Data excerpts
=== Begin Enclosure ===

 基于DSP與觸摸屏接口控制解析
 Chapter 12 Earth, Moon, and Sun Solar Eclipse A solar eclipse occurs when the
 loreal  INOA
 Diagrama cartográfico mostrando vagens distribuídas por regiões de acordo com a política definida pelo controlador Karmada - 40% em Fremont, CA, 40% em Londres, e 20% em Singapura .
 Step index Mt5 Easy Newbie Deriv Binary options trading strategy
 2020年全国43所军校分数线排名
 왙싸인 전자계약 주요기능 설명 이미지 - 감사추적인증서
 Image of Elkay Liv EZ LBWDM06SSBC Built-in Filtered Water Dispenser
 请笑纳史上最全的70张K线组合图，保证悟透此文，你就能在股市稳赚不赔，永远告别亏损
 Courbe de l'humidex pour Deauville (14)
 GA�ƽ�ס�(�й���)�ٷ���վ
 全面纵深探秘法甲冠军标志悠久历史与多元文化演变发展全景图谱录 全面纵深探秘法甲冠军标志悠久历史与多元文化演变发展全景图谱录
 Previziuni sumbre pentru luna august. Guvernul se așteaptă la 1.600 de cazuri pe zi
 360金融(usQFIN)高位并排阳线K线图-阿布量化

=== End Enclosure ===
=== Begin Enclosure ===

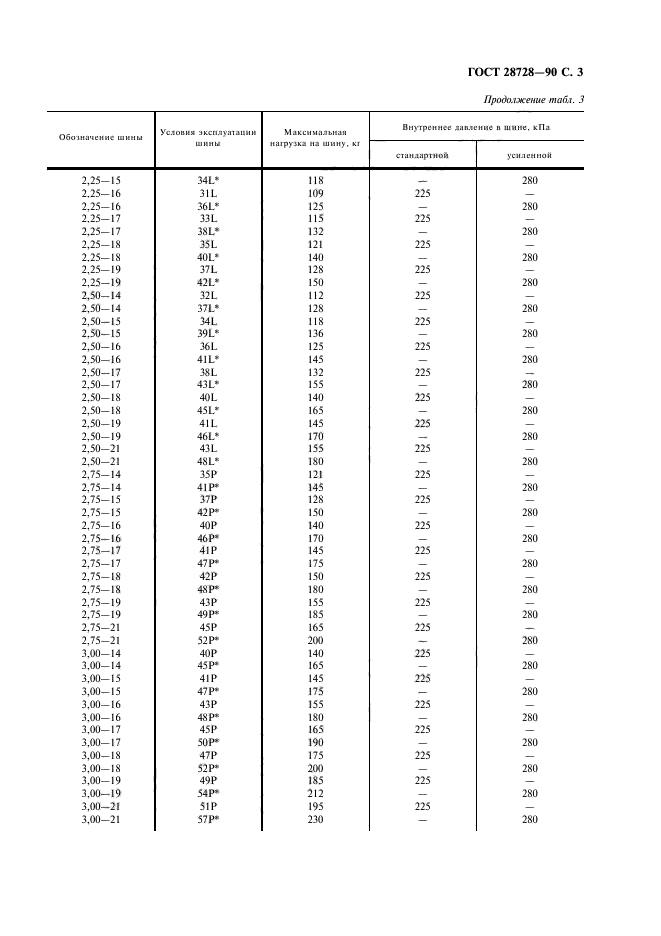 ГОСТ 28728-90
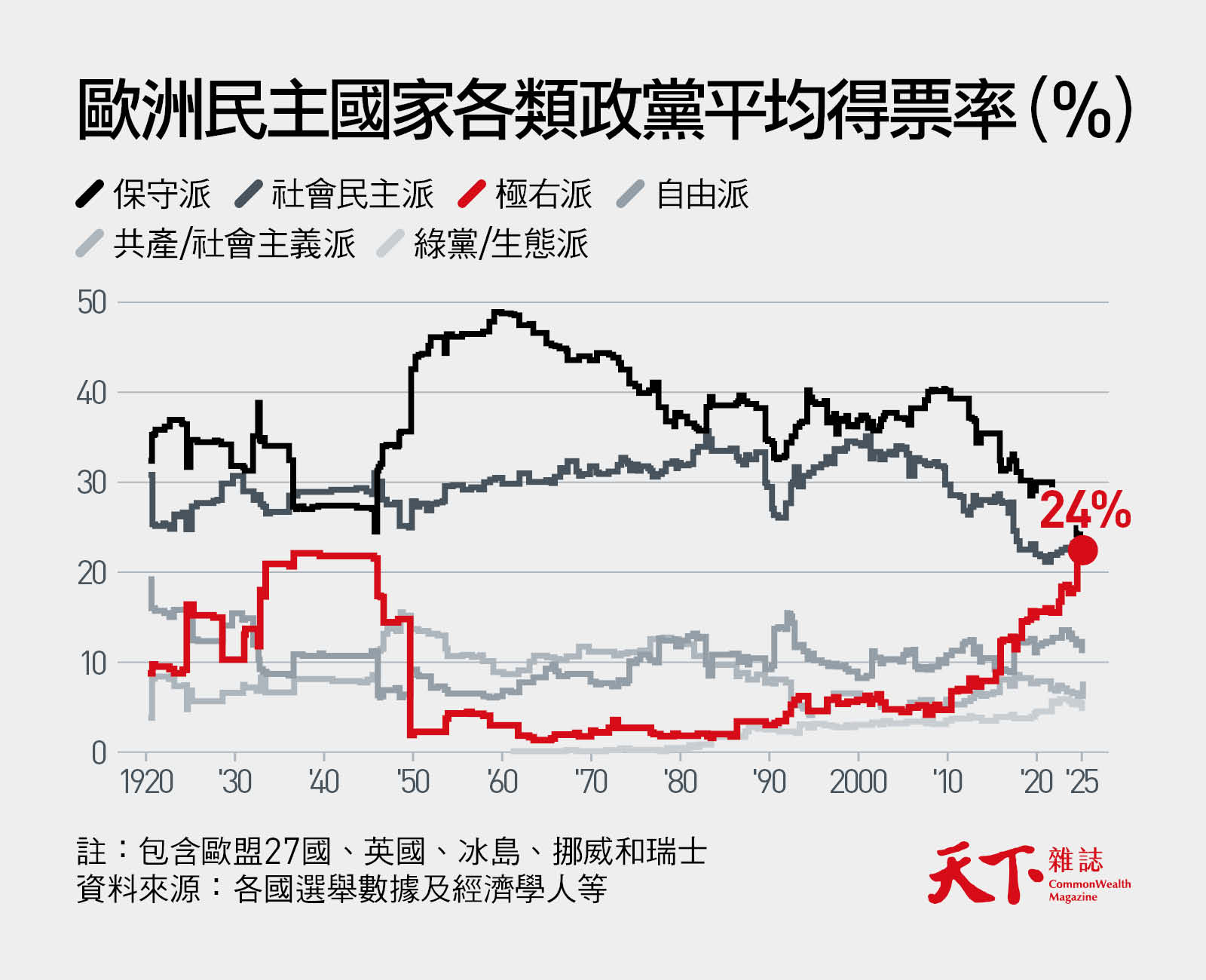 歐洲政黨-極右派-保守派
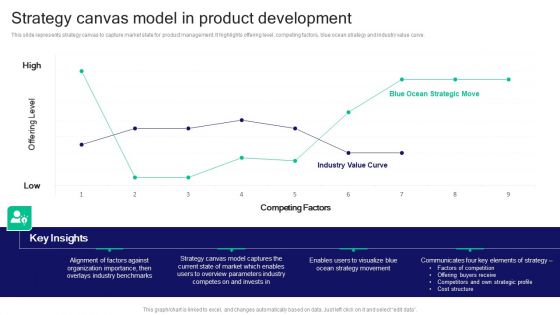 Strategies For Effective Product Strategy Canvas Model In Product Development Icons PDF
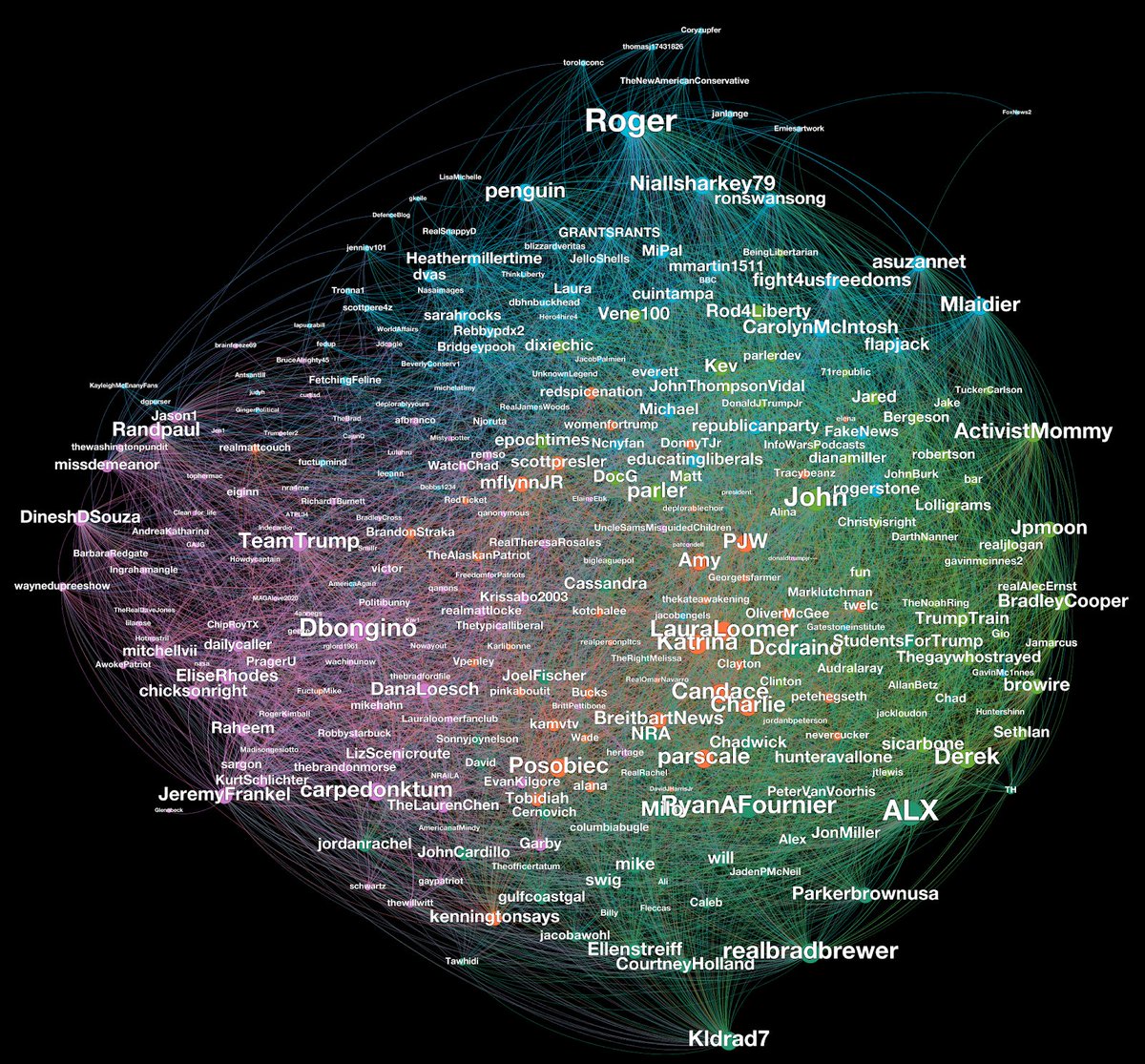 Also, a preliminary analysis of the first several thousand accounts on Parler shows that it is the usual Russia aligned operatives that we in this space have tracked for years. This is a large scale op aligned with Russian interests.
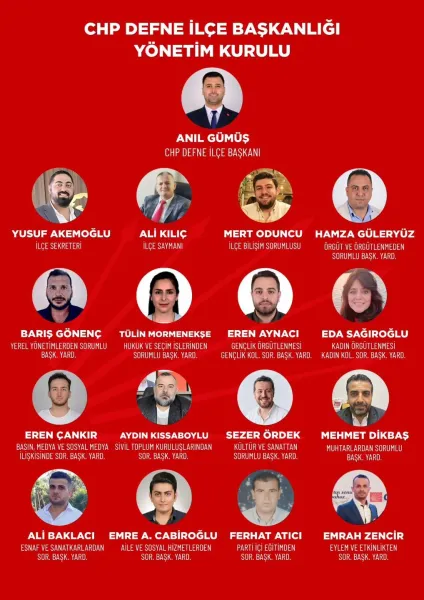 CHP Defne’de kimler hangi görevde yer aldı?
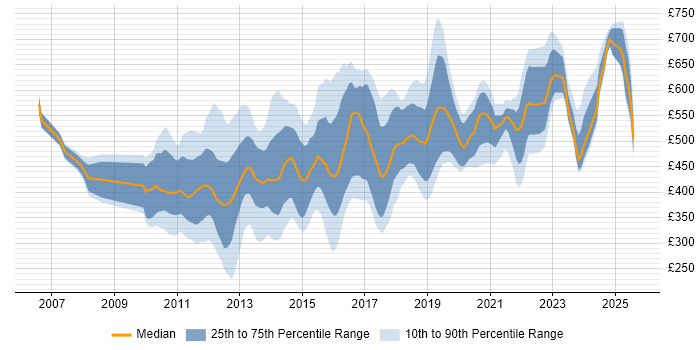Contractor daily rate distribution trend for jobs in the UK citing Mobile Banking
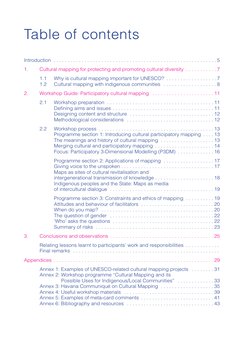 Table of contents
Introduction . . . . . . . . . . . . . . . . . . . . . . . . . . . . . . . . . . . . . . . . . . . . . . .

=== End Enclosure ===
=== Begin Enclosure ===

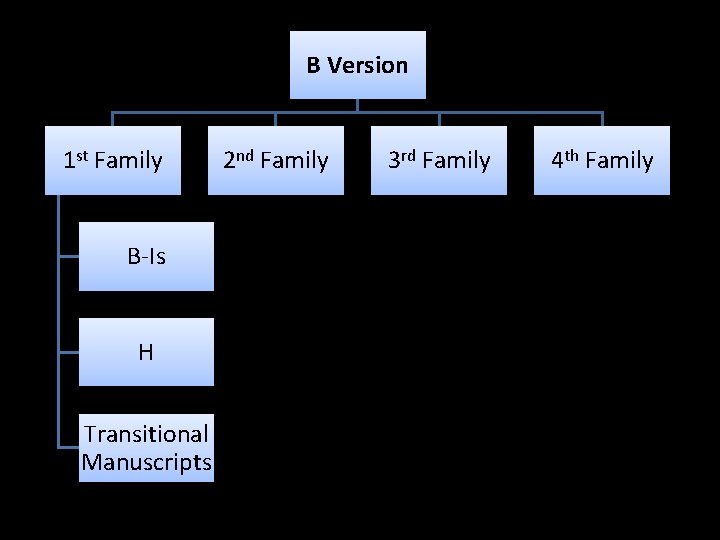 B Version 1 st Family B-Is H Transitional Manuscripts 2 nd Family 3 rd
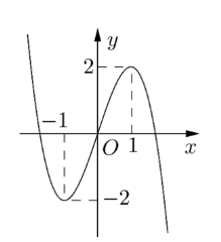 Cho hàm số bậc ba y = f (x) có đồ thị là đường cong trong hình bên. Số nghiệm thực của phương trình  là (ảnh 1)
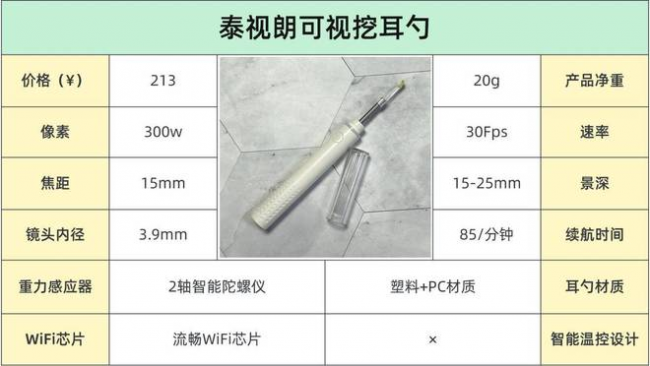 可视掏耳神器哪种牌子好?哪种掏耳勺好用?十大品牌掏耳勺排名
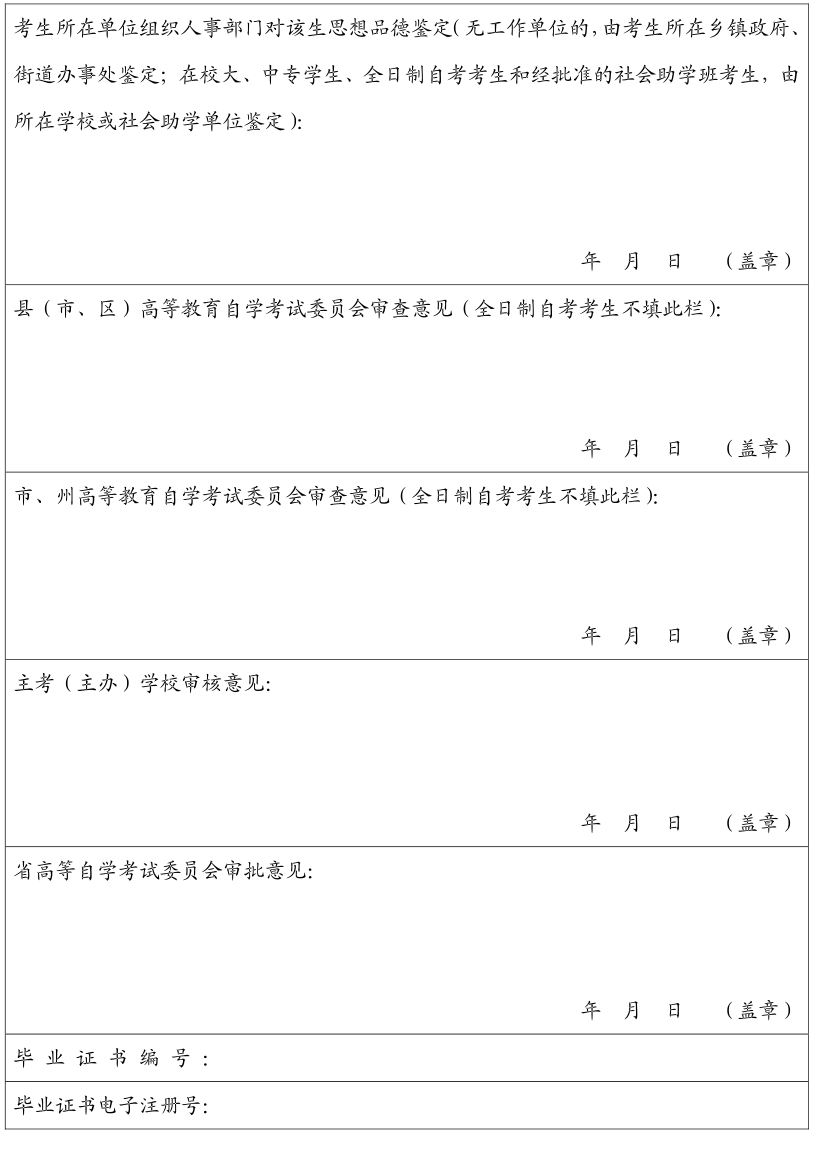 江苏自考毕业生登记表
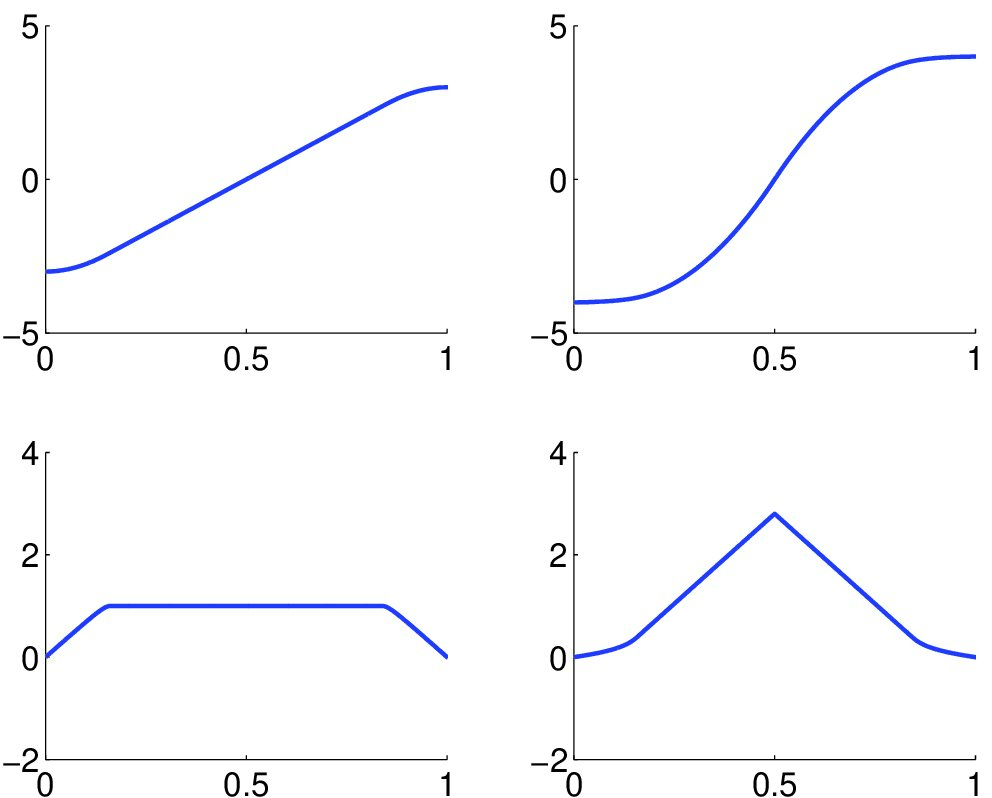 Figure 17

=== End Enclosure ===

Action item
In the data above, find the line containing "Strategies For Effective" and the line containing "Introduction . .". Copy exactly the stretch from the first through the second, both included, leaving out any picture.

The answer
 Strategies For Effective Product Strategy Canvas Model In Product Development Icons PDF
 Also, a preliminary analysis of the first several thousand accounts on Parler shows that it is the usual Russia aligned operatives that we in this space have tracked for years. This is a large scale op aligned with Russian interests.
 CHP Defne’de kimler hangi görevde yer aldı?
Contractor daily rate distribution trend for jobs in the UK citing Mobile Banking
 Table of contents
Introduction . . . . . . . . . . . . . . . . . . . . . . . . . . . . . . . . . . . . . . . . . . . . . . .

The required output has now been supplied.